Life with Liz: When nothing goes right
Have you ever had a stretch of time where it just seems like nothing goes right?
I’ve been having one of those stretches for a few weeks now. It started about two months ago.
A job that I was interested in pursuing came along, but with E having a few more years of elementary school ahead of her, it just didn’t seem like the right time for a career shift. However, I was afraid if I didn’t at least show interest in it, I might not get the opportunity again.
The Wonderful Husband and I had many long talks about how our lives would change if I got the job, and we agreed that while this wasn’t an ideal time for such a change, it would be better to go for it and adjust as needed than let the opportunity pass. At that point, even though I still hadn’t applied for the job, we looped the kids in the conversation. It was a difficult conversation to have, because I still wasn’t even set on applying for the job, and I didn’t want to stress them out or get their hopes up.
I was surprised at how enthusiastic they were. Ultimately, though, things didn’t work out and I ended up not getting the job, and while we could all agree that it was better things worked out like this for now, it was still a little disappointing. I set it to the side, though, and moved on with life.
Until E brought home her “All About Me” sheet from her first week at school. Under what she wanted to be when she grew up was listed both a writer and the job that I didn’t get. Of course, she’d forgotten she ever wanted to be that and had gone back to wanting to be a princess, scientist, gymnast, unicorn rider, but I was reminded of how much of a role model I am to her, and I felt like a complete failure.
Failure No. 2 was slightly more comical. About two years ago I said I needed to go car shopping. Well, as one of the world’s most successful procrastinators, I managed to put it off until about two weeks ago, when I realized that my inspection was going to expire in days and the old girl didn’t have a prayer of passing it. I had a vague idea of what I wanted, but I wasn’t finding anything in my price range.
My friend P swears by buying low-mileage used vehicles from a reputable car rental company.
“Come on, Liz, you have kids. You know any vehicle you get is going to look like a bomb went off in it minutes after you drive it off the lot,” she reminded me. “It just doesn’t pay to spend the money on a brand-new vehicle.”
She had a point. Sure enough, the exact vehicle that I wanted, even in the right color, was available and in my price range. Jackpot!
Except the vehicle was in another state. So, it took a few days to get it to the local dealer. Then, they had to wait for the title transfer. Then, we had to do all the paperwork.
Unfortunately, we couldn’t proceed, because it slipped my mind that my driver’s license had expired. So, I had to get that renewed quickly.
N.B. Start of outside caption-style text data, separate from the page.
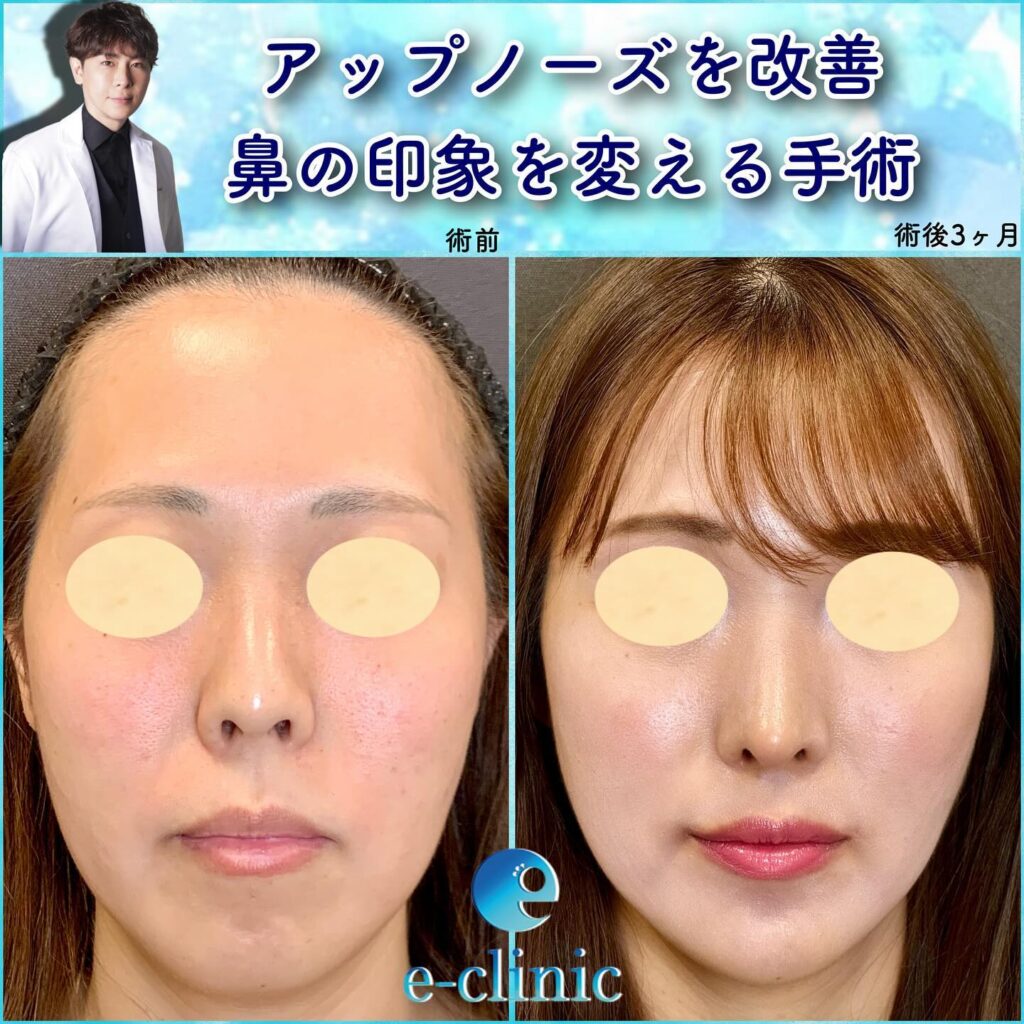 鼻尖形成と軟骨移植と鼻中隔延長と口角挙上と顎のヒアルロン酸の症例写真 (1)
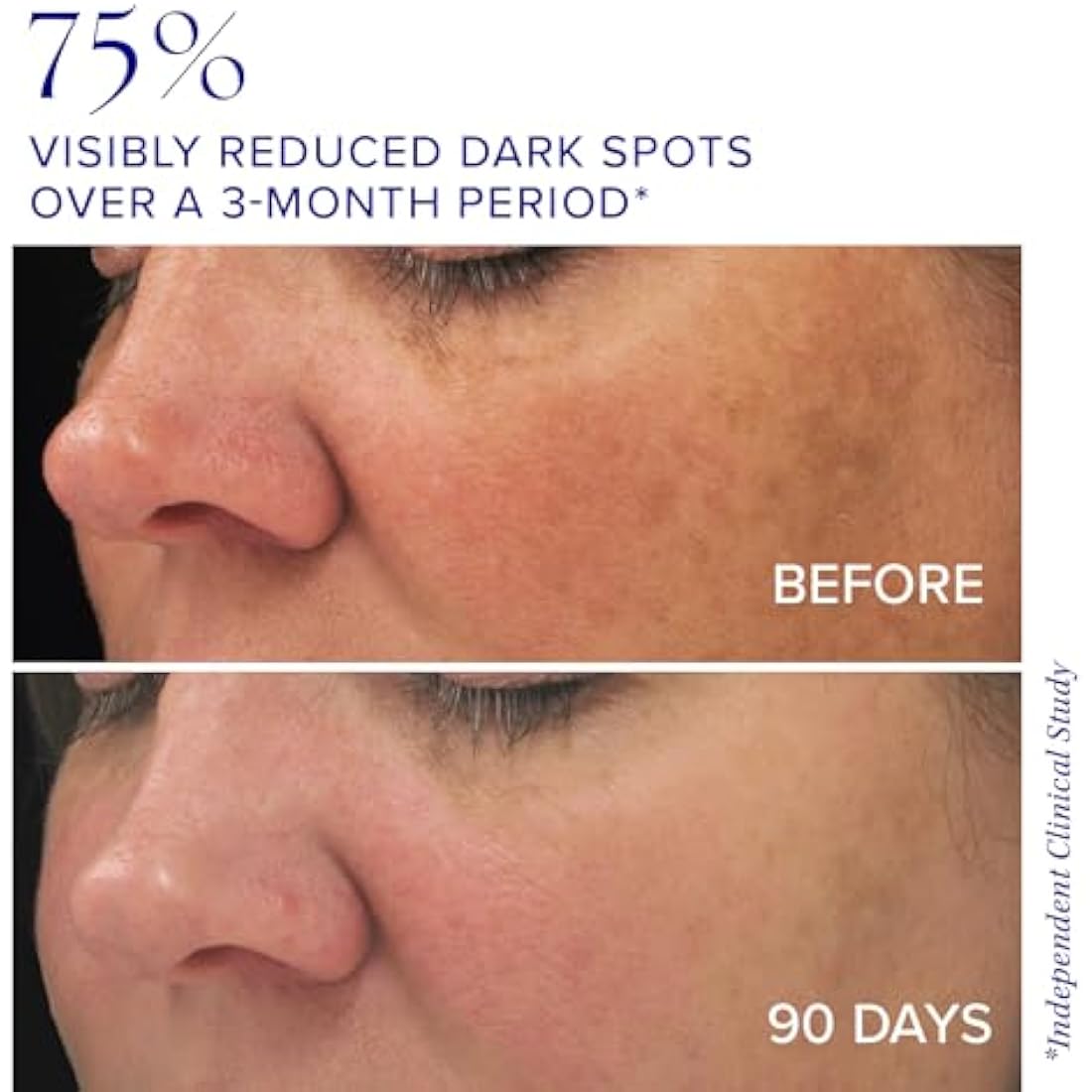 iS CLINICAL Brightening Complex - Skin Brightening Complex, Addresses Age Spots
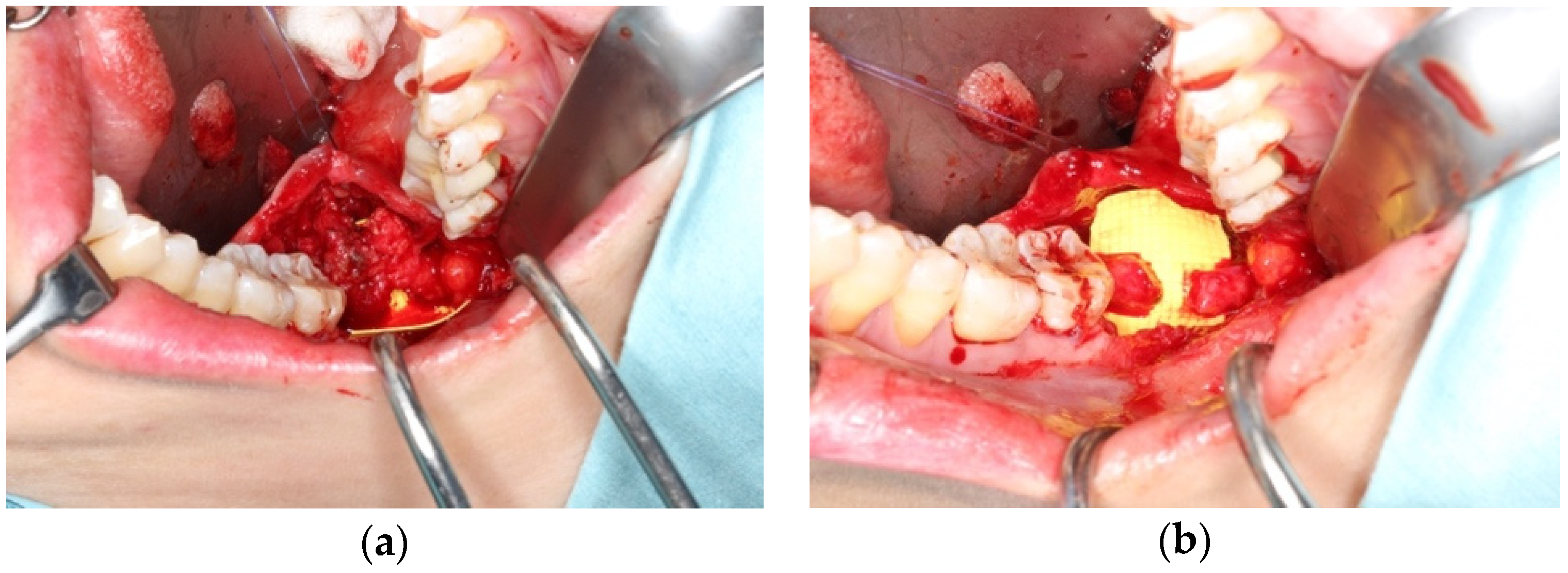 Bioengineering 11 00444 g001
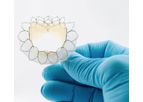 Neovasc Reducer - Treatment of Refractory Angina and Tiara System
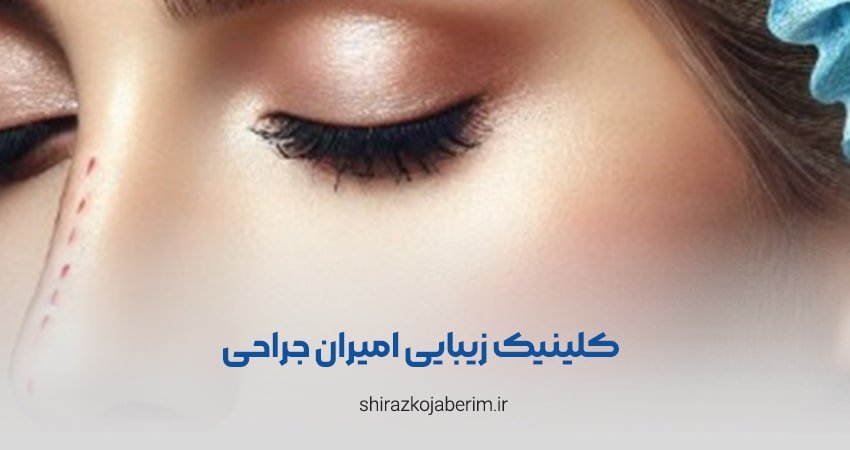 کلینیک زیبایی امیران جراحی شیراز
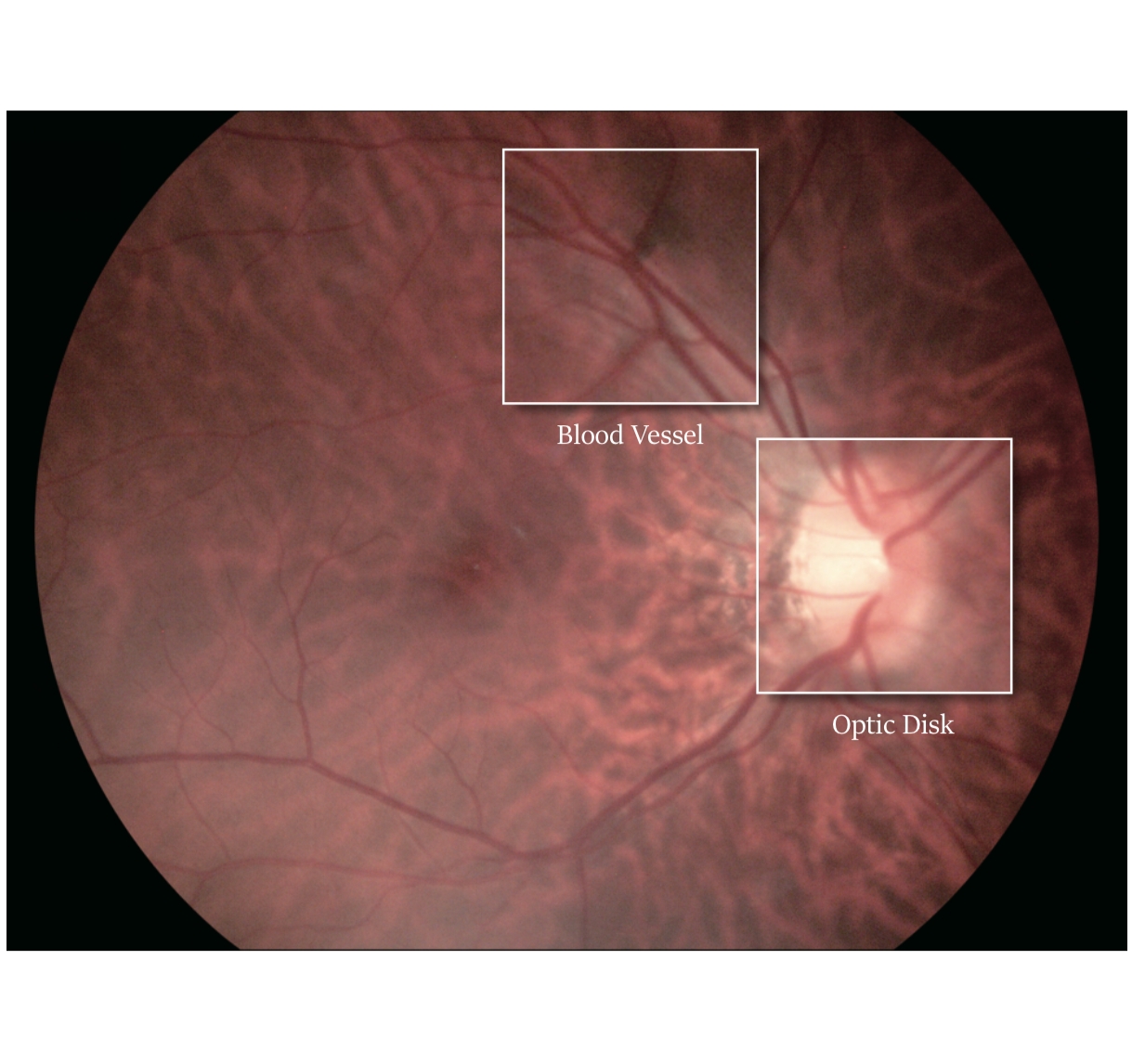 China top quality ophthalmic equipment Portable Fundus Camera cheap price handheld fundus photography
Then, we had to have a time when both the WH and I could come in to do the test drive and more paperwork. As the days ticked down to Aug. 31, I was starting to panic.
The stars finally aligned, and with two days to spare, we drove my shiny “new” vehicle home. The WH was following me and the minute we parked, he said, “That thing has to go back tomorrow.”
Here, a brake light was burned out. No big deal, I thought. So, the next day, after making arrangements to have the car returned and fixed, I thought I’d better try out some of the other bells and whistles. I flipped the knob to try out the four-wheel drive, and the knob actually fell off in my hand. Of course, every light on the dashboard lit up in error! I tried to calmly pull over to the side of the road, having no idea what gear I was in, or what kind of damage I might have done.
The WH was back on the phone with the dealer in minutes. After talking through some checklists, they assured me that the car was safe to drive and added the knob to the list of things to fix. The next day, as I got ready to take the car back, I had to flip on the windshield wipers. Of course, one of them flew off immediately. At that point, I gave up. The car has been back at the dealer for almost a week, and thankfully, they did provide us with a rental, but the frustration of it all has me feeling like “seriously, most adults can usually handle buying a car, can’t they?”
The kids’ elementary school has been one of the buildings affected by the mold situation, and having them shuttling off to different schools on a different schedule felt like a terrible way to start the year. Of course, that situation was beyond my control, but as we missed buses and forgot what “day” it was, it just felt like one more thing that I couldn’t get right. Added to the ongoing home renovations that keep getting pushed back because a leaky toilet needed to be fixed, or the furnace needed repair, and it just feels like I’m powerless to change anything or even get anything accomplished.
I keep reminding myself that these situations are all only temporary, and in fact, may of them even have a silver lining. The WH got the car dealer to throw in some additional floor mats, and the entire vehicle is getting a fresh detail after they fix the minor issues. G got shuttled to the middle school for a few weeks, and now I know that next year he will not have as many jitters when he heads there full time. It’s also a reminder that although I can’t control a lot of these situations, I can control how I react to them. Having a supportive village also helps. Knowing that the same friends who are dropping everything to help run my kids around are also betting on what part of the car is going to fall off next, not only helps my sanity, it keeps me laughing, too!
Liz Pinkey is a contributing writer to the Times News. Her column appears weekly in our Saturday feature section.